■ RECORDS TO USE
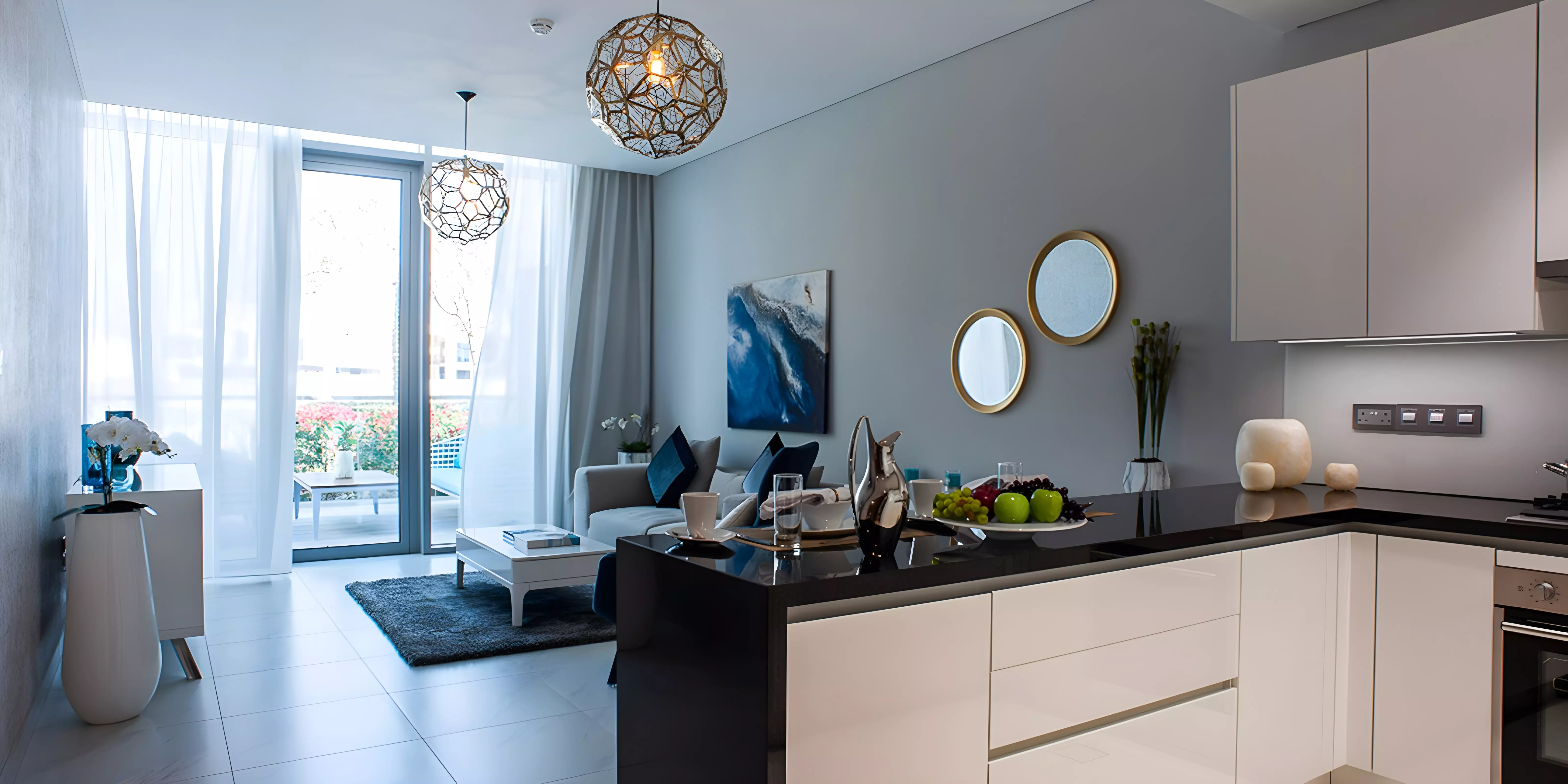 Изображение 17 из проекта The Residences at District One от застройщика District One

...

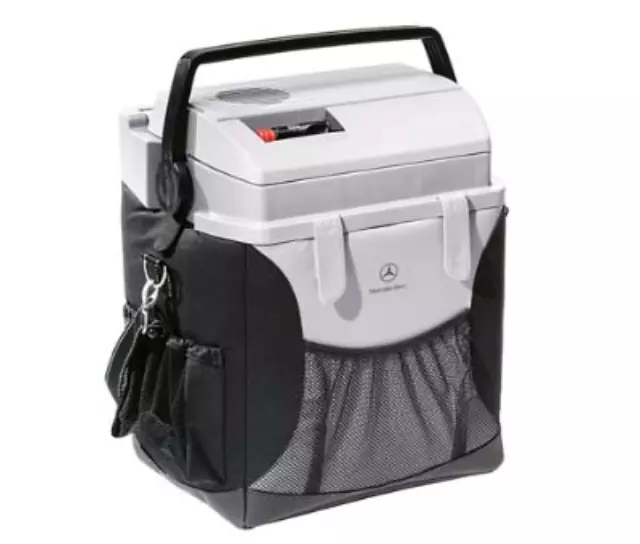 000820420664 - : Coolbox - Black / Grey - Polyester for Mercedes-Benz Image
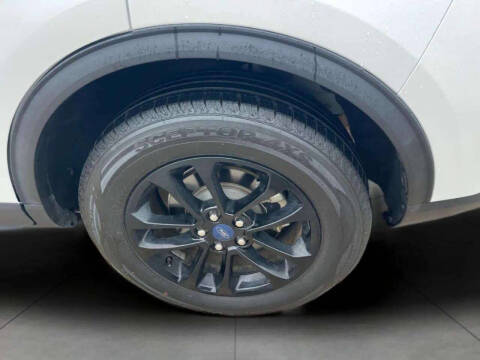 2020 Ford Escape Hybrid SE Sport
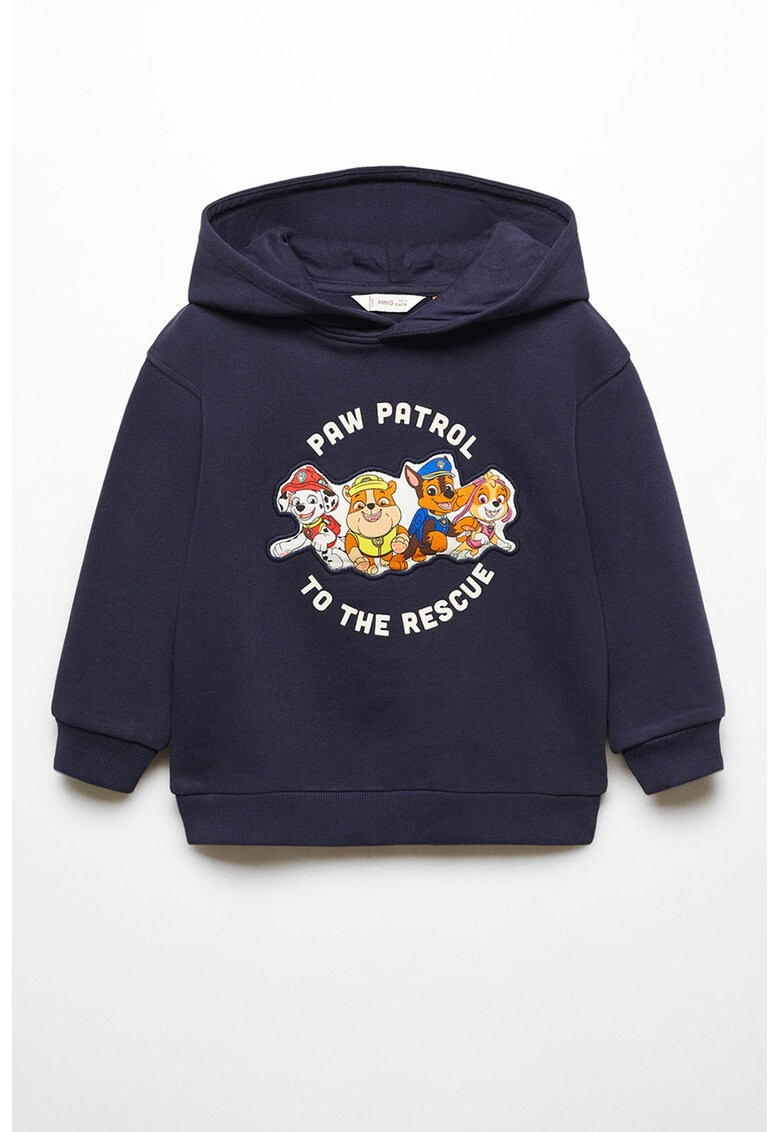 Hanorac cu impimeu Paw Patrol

■ WORK REQUEST
Go to the line above that has "000820420664 - : Coolbox" and copy exactly from there down to the line that has "Hanorac cu impimeu Paw Patrol", both included. Leave the pictures out.

■ PROBLEM SOLUTION
 000820420664 - : Coolbox - Black / Grey - Polyester for Mercedes-Benz Image
 2020 Ford Escape Hybrid SE Sport
 Hanorac cu impimeu Paw Patrol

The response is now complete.